Saturday Night Fever

You want to know a dirty little secret?  This is something that I’ve told very little people… something that sounds bizarre, shameful and maybe even confusing.  It’s confusing to me even when it comes out of my mouth.

Sometimes I miss “the life”…

I don’t miss the lies, the pain, the rejection and humiliation but there are parts of me that do miss the adrenaline rush.  I miss the feeling problem solving in a crisis.  I miss reading the actions of dangerous people and the the feeling of accomplishment when I was able to talk my way out of the bad situation.  This is horrible, but I miss feeling like I had a one-up on the world.  There were all those “squares” out there that had no bloody clue as to what real life was like.  They’d stress out about having too much homework or because their boss didn’t give them enough shifts at work.  I knew that I was capable of handling so much more than the normal stress.  I prided myself on being strong.  I dealt with the feeling of being an outsider by saying instead that at least I wasn’t naive.

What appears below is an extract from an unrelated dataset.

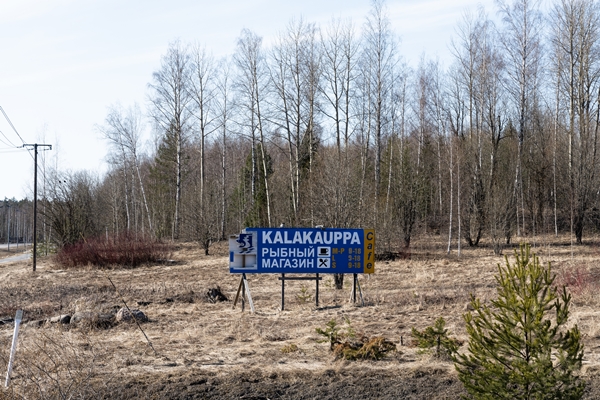 Foto - Finlandiya'dan Rusya sınırında yeni hamle! Resmen başladı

There is a type of Saturday Night Fever to this life.  I’d choose to embrace the adrenaline instead of dreading the fear. As a way of coping I’d say that this life was my choice, that it was exciting and a rush because that was so much easier than admitting to myself that I was a victim.  We’ve all been on the inside and on the outside of a joke… it always feels better to be “in the know,” even if the secret is horrible.

What’s interesting though is the very things that wound a trafficking victim also work to develop the skills in a survivor.  You see, from having to endure extraordinarily tough situations when I was younger I now have the ability to handle multi-task and manage stress.  I had to read people well back then in order to survive.  Now I read people in order to work as a better part of a team.

If you’re looking for practical ways to help survivors then HIRE them.  Let us turn our survival skills into something productive for more than just living.  Because survivors often have criminal records from their period of abuse it becomes very difficult to find work.  Once healthy, survivors of domestic trafficking do great in sales, customer, social services positions as well as many others.  If your an employer, consider contacting your local rehabilitative programs to see if they have a participant in mind who would fit your open position.

May this blog serve as an education to those who do not yet know or understand the atrocities of trafficking and may it serve as an encouragement to those who understand it all too well.